Today is Thursday which means that I usually do my Things I Love Thursday blog post. I had even started it but then I got some disappointing news. I wanted to write about that instead because writing has now become therapeutic. So here it goes…
A few weeks ago my husband and I decided that we were going to start looking at houses/bigger properties. We quickly came upon this amazing 3 bedroom walk-up. It was in our budget and newly renovated. It was perfect! We found out that someone had put in an offer so we quickly put one in too! To our excitement, they accepted our offer! We started going through the process to buy it! Then earlier this week, we got the news that the sellers had lost the property they were going to buy (aka move into so we could move into theirs). But our realtor said that he was getting positive indications that they were still going to proceed with selling it to us.
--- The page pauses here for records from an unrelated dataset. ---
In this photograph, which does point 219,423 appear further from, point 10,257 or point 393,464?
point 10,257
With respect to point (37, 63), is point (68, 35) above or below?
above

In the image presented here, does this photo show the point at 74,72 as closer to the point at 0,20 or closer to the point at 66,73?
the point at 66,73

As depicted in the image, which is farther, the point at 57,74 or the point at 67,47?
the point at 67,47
This morning, the realtor called and said that they canceled the offer.
Like what? Just yesterday, we were getting a positive indication. How did this happen?
My husband and I are so disappointed. We were so excited. While everything was moving quickly, we were ready. We wanted this place just as badly as we once wanted our dog, Rani.
You know that feeling when your stomach is bubbly because you can’t stop thinking of something and it just makes you so happy? That’s how we felt. Amazing place, amazing price, amazing location- the perfect package deal.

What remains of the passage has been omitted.